Exercise 2: Verify that the area of the largest square in Figure 3 is 25 square units by using the unit squares.

Figure 3 – A right triangle with side lengths 3, 4 and 5.

Similarly, triangles with side lengths $(7, 24, 25)$ and  $(8, 15, 17)$ are right triangles. If the side lengths of a right triangle are all integers, we call them Pythagorean triples. Hence, $(7, 24, 25)$ and  $(8, 15, 17)$ are Pythagorean triples.

Exercise 3: Give other examples of Pythagorean triples.

Exercise 4: Prove that there are infinitely many Pythagorean triples.

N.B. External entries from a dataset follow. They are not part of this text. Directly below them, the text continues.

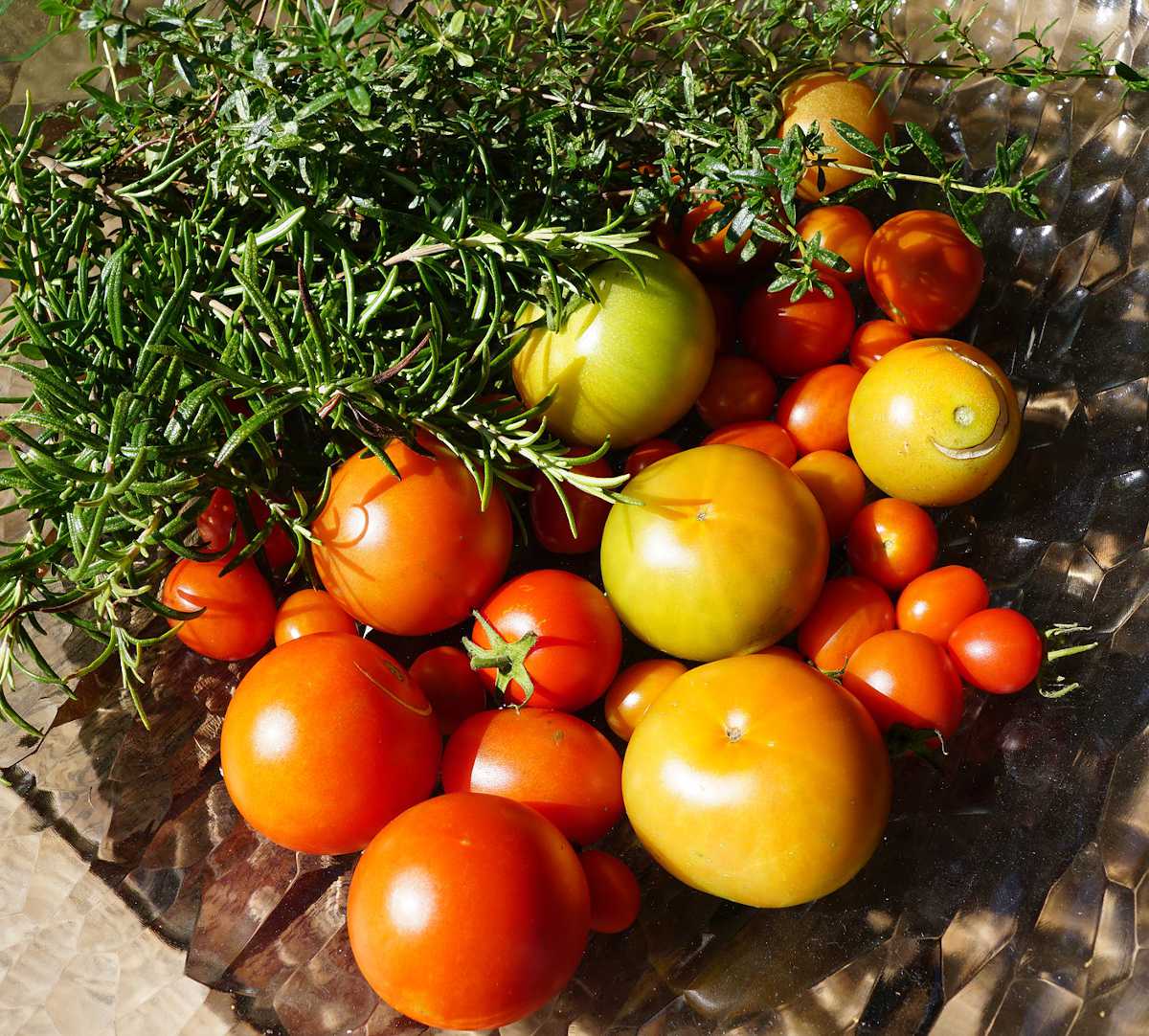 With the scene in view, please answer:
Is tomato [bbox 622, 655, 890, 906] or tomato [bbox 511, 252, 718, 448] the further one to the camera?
tomato [bbox 511, 252, 718, 448]

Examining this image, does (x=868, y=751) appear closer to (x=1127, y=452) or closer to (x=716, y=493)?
(x=716, y=493)

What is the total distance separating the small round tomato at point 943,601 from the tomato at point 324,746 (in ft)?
1.79

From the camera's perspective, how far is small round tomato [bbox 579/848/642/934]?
3.21 ft

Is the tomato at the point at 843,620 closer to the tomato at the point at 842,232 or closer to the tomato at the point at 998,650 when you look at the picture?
the tomato at the point at 998,650

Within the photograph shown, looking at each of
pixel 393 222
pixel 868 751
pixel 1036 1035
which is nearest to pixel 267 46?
pixel 393 222

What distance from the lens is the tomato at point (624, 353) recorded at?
1.05 m

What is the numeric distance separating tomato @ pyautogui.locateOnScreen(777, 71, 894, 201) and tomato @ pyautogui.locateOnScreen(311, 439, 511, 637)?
1.86 feet

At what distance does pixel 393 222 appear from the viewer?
3.11ft

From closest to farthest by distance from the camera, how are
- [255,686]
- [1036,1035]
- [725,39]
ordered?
[1036,1035]
[255,686]
[725,39]

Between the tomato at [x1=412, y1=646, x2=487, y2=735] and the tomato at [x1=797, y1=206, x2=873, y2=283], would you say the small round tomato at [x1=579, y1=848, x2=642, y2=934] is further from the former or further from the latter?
the tomato at [x1=797, y1=206, x2=873, y2=283]

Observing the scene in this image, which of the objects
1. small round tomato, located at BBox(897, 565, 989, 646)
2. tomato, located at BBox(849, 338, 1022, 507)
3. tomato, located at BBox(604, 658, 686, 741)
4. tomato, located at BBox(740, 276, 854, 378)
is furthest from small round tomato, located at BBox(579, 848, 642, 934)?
tomato, located at BBox(740, 276, 854, 378)

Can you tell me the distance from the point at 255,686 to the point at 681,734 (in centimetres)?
42

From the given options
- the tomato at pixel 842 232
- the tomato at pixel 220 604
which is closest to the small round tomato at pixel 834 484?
the tomato at pixel 842 232

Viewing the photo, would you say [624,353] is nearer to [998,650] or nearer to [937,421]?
[937,421] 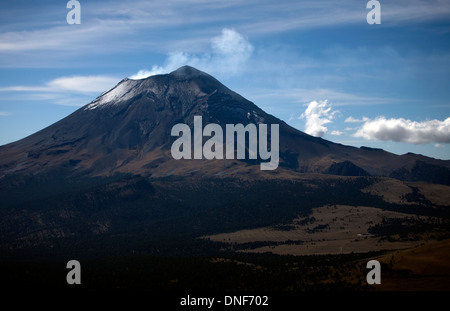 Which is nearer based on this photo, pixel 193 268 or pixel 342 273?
pixel 342 273

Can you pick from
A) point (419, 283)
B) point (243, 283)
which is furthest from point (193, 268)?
point (419, 283)

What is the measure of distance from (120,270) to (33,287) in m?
36.0

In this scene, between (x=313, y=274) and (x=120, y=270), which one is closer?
(x=313, y=274)

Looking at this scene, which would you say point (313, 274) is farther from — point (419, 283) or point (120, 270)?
point (120, 270)

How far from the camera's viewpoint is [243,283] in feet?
557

Proofs of the Pythagorean Theorem

There are more than 300 proofs of the Pythagorean theorem. More than 70 proofs are shown in tje Cut-The-Knot website. Shown below are two of the proofs.  Note that in proving the Pythagorean theorem, we want to show that for any right triangle with hypotenuse $c$, and sides $a$, and $b$, the following relationship holds: $a^2 + b^2 = c^2$.

Geometric Proof

First, we draw a triangle with side lengths $a, b$ and $c$ as shown in Figure 1. Next, we create 4 triangles identical to it and using the triangles form a square with side lengths $a + b$ as shown in Figure 4-A. Notice that the area of the white square in Figure 4-A is $c^2$.

Figure 4 – The Geometric proof of the Pythagorean theorem.

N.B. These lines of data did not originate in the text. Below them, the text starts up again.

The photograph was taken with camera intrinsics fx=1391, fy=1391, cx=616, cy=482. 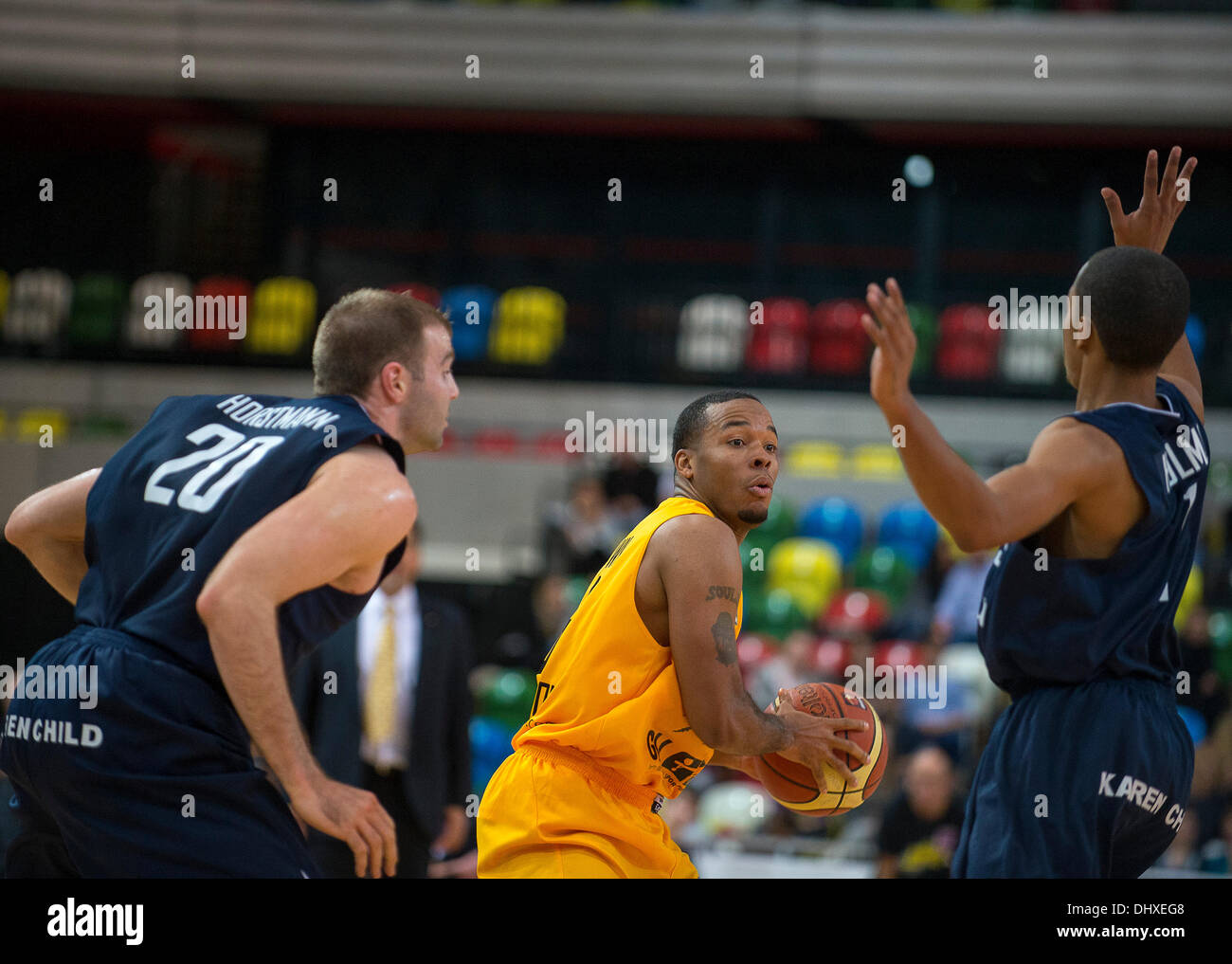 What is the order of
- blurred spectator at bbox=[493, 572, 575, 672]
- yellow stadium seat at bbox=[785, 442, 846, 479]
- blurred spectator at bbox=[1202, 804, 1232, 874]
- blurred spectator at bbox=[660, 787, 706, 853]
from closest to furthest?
blurred spectator at bbox=[1202, 804, 1232, 874] < blurred spectator at bbox=[660, 787, 706, 853] < blurred spectator at bbox=[493, 572, 575, 672] < yellow stadium seat at bbox=[785, 442, 846, 479]

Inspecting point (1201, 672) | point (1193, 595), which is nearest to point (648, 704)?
point (1201, 672)

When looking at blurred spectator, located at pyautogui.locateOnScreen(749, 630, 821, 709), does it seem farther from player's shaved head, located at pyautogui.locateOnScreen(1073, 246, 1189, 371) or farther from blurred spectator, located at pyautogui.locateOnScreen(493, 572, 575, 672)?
player's shaved head, located at pyautogui.locateOnScreen(1073, 246, 1189, 371)

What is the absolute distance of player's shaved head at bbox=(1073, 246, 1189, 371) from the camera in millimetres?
2838

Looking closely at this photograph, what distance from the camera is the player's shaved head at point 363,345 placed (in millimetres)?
2904

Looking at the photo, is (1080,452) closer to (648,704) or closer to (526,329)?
(648,704)

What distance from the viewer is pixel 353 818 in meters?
2.47

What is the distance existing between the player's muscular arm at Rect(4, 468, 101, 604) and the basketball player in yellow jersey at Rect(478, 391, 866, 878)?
101cm

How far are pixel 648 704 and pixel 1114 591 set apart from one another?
3.18ft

Rearranging the triangles, we can also form another square with the same side length as shown in Figure 4-B.This means that the area of the white square in the Figure 4-A is equal to the sum of the areas of the white squares in Figure 4-B (Why?). That is, $c^2 = a^2 + b^2$ which is exactly what we want to show. *And since we can always form a (big) square using four right triangles with any dimension (in higher mathematics, we say that we can choose arbitrary $a$ and $b$ as side lengths of a right triangle), this implies that the equation $a^2 + b^2 = c^2$ stated above is always true regardless of the size of the triangle.

Exercise 5: Prove that the quadrilateral with side length C in Figure 4-A is a square.

Algebraic Proof

In the second proof, we will now look at the yellow triangles instead of the squares.  Consider Figure 4-A. We can compute the area of a square with side lengths $a + b$ using two methods: (1) we can square the side lengths and (2) we can add the area of the 4 congruent triangles and then add them to the area of the white square which is $c^2$.  If we let $A$ be the area of the square with side $b + a$, then calculating we have

Method 1: $A = (b + a)^2 = b^2 + 2ab +a^2$

Method 2:  $A = 4(1/2ab) + c^2 = 2ab + c^2$

Methods 1 and 2 calculated the area of the same square, therefore they must be equal. This means that we can equate both expressions.  Equating we have,

$b^2 + 2ab + a^2 = 2ab + c^2 \Rightarrow a^2 + b^2 = c^2$

which is exactly what we want to show.